While the Puerto Rican government is $73 billion in debt, corporations have extracted over $600 billion in profits in recent years. Even a modest tax would have eliminated the debt.

Hector Lopez, a Puerto Rican who has been active in the Connecticut Green Party for over 20 years, adds “Now they want a Puerto Rico empty of Puerto Ricans so that they can build a paradise for themselves, no Puerto Ricans allowed. This was done in Hawaii and now the Hawaiians find it too expensive to live there in their homeland. By the way, gentrification has already begun.

When speaking before the U.N. committee last June, Darlene Elias pointed out “the Puerto Rican people are despondent and have lost faith in the political system. Only 23 percent of residents living on the island showed up to the polls to vote in the most recent plebiscite. This is a very low number when you take into account that Puerto Rico consistently has high voter turn out. It is also by far the most telling statement of the Puerto Rican people’s desire for independence.” Those preferring independence boycotted the plebiscite.

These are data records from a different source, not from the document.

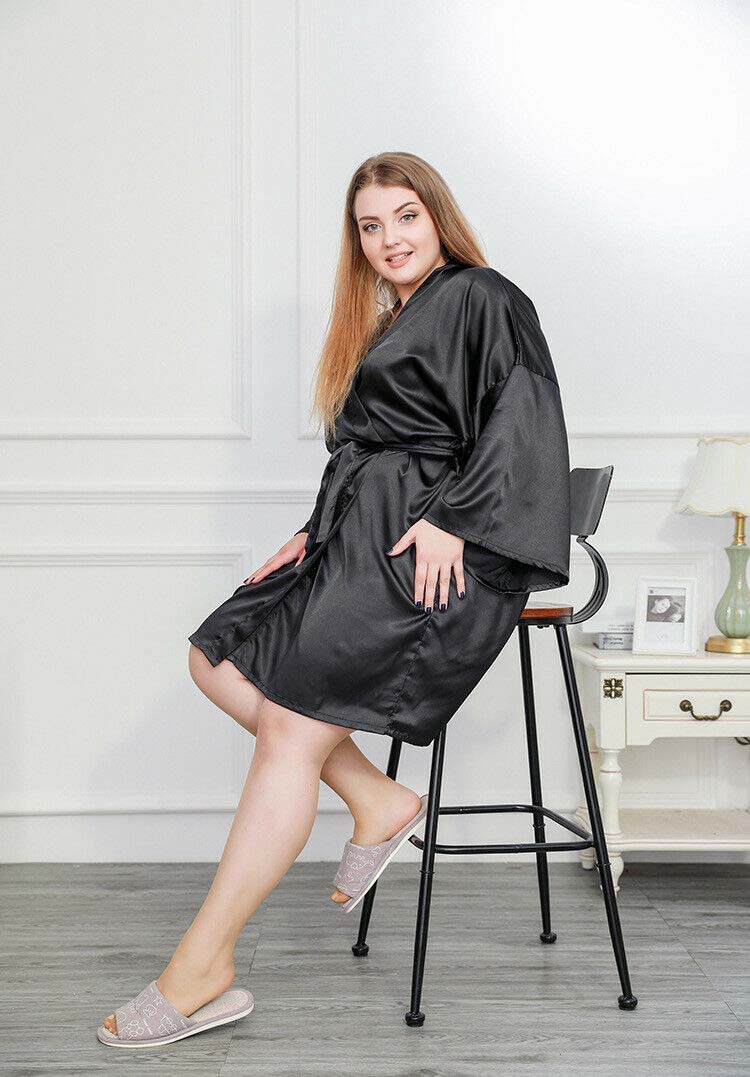 French Daina Extra plus size Silk Satin Robe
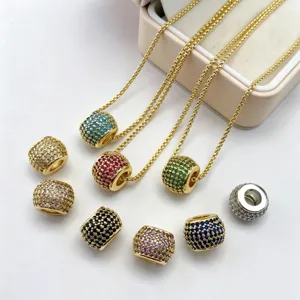Perline a Foro Grande in Rame di Lusso Micro Pave Zirconia per Collana Fai-Da-Te Colorate Perline Distanziatrici Rotonde Accessori per Perline Sciolte Stile Europeo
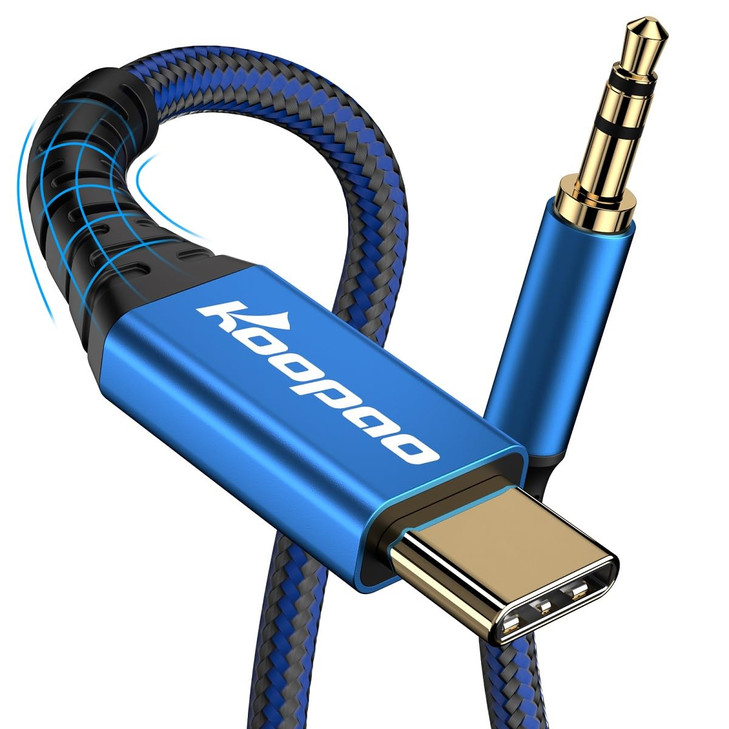KOOPAO USB C to 3.5mm Audio Aux Jack Cable, 2PACK Type C to 3.5mm Headphone Stereo Cord Car Compatible with iPhone 15 Plus/15 Pro Max, Galaxy S23 S22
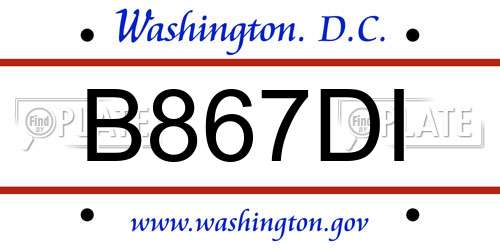B867DI District Of Columbia License Plate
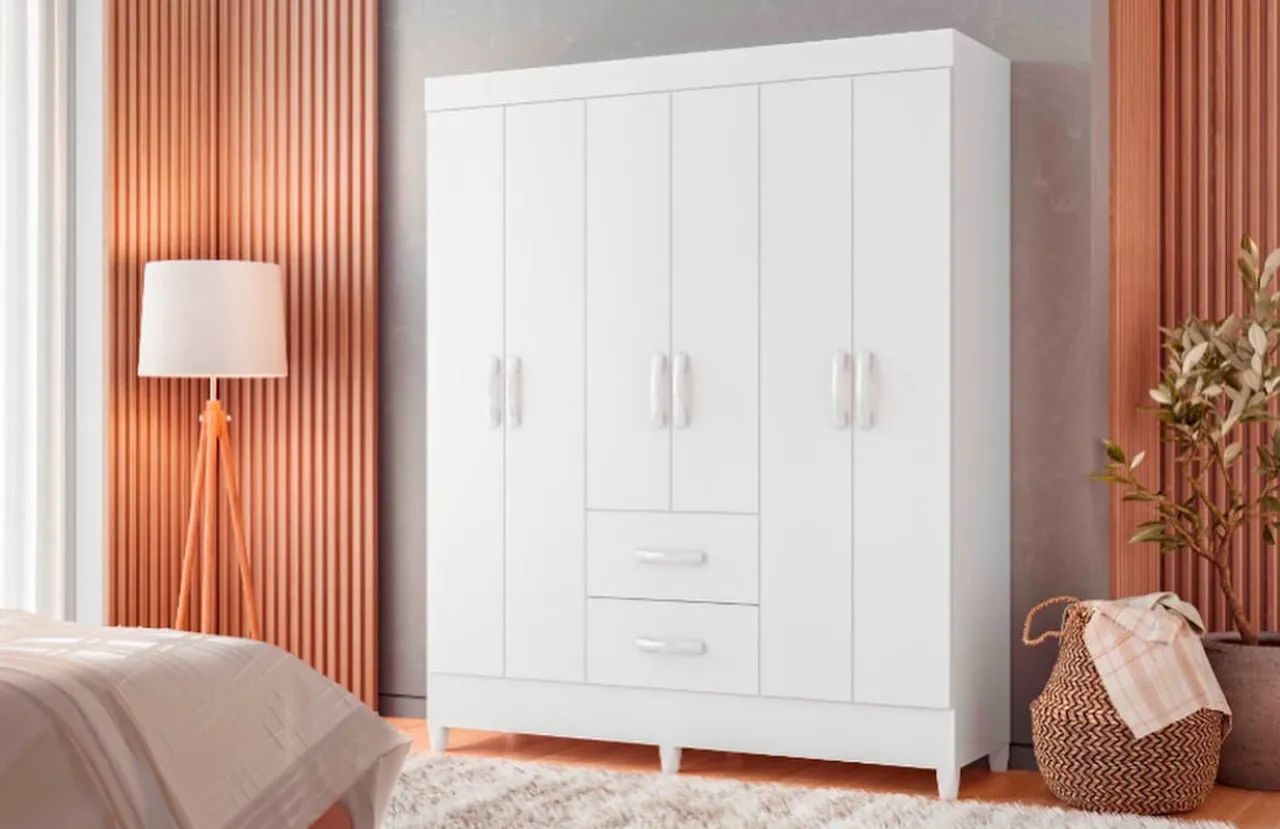 Guarda Roupa Colômbia 6 portas e 2 gavetas com espelho em mega promoção ! - Foto 4
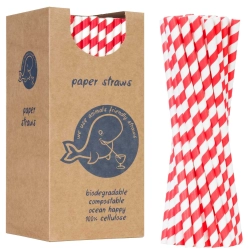 GSG24 Słomki papierowe BIO ekologiczne PAPER STRAWS grube 8/205mm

Elias’ statement continues: “However, the U.S. should not assume, under false pretenses as it did with Hawaii, that Puerto Rico wants to be a state. Instead, Puerto Ricans should be allowed to govern themselves as an independent state and or sovereign entity – whichever the people elect. The Green Party maintains that it is only when Puerto Rico is able to exercise their right to self-determination and dictate its own circumstances that it will prevail. In conclusion, true democracy is the only path to liberation and as a party we will continue to stand with Puerto Ricans towards this end. We do thank the committee in advance for its consideration and noble effort in realizing our mutual goal of decolonization and seeing Puerto Rico succeed. Que Viva Puerto Rico Libre!”